Bazel has a fairly sophisticated protocol for reporting events that occur during the progress of a build. Bzl acts as a bes_backend and typically runs via the following flags:

--bes_backend=localhost:1080
--bes_timeout=5s
--build_event_publish_all_actions=true

Events are streamed back up into the browser and presented in a timeline view that allows you to see:

  • all events by time
  • all events of a particular type
  • specific time window

To view events in realtime during a build or test invocation, click the [Build] or [Test] buttons:

https://github.com/bzl-io/bzl/pull/12

Dragging a window/level will filter the event within that time window:

https://github.com/bzl-io/bzl/pull/12

You can clear the selection by clicking away, or use the menu:

https://github.com/bzl-io/bzl/pull/12

Click on an event type to filter to only that type:

https://github.com/bzl-io/bzl/pull/12

Event Types

A brief explanation of the types of build events (not an exhaustive list):

  1. Started: provides a summary of the build metadata including start time, the version of bazel, the command, description of options. This is a good overview.
  2. Structured Command Line: an exhaustive list of the precise configuration provided by the bazel client.
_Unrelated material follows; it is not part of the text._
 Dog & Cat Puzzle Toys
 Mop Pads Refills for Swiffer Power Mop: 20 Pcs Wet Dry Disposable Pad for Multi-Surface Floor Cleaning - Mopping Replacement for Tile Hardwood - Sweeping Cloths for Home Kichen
Use this to see the exact set of flags used during the build.
  3. Options Parsed: another view of the options.
  4. Build Metadata: user configurable metadata about the build. Can be populated with the --build_metadata flag (e.g. --build_metdata=JOB_ID=12345).
  5. Progress: console logging, typically delivered via stderr.
  6. Workspace Configuration: provides the execution root.
  7. Configuration: the configuration for the build including such things as cpu and platform.
  8. Configured: the rule and label after the configuration has been resolved.
  9. Workspace Status: key value pairs populated via the --workspace_status_command.
  10. Named Set of Files: a set of files. In order to be efficient, bazel groups files into sets to avoid duplication where possible.
  11. Action: the individual units of work involved in a build. Each one represents a process that was executed either on the local workstation or a remote machine. Each action has a mnemonic, an action key hash, a command line to execute, and a list of environment variables. The mnemonic is sort of like a type name that works with flags such as --spawn_strategy and others.
  12. Test Result: an event that reports test success or failure, whether it was cached, and links to the log file.
  13. Build Metrics: a summary of actions executed, memory usage, etc.
  14. Build Tool Logs: a summary of the time spent including the critical path.
  15. Completed: reports files outputted by a target in their respective output groups.
  16. Aborted: if the build was aborted.
  17. Finished: overall success or failure.

These represent the inner Bazel Build Events. Each one is wrapped in an outer Ordered Build Event envelope that represents a more generic event container that imposes a sequencing mechanism.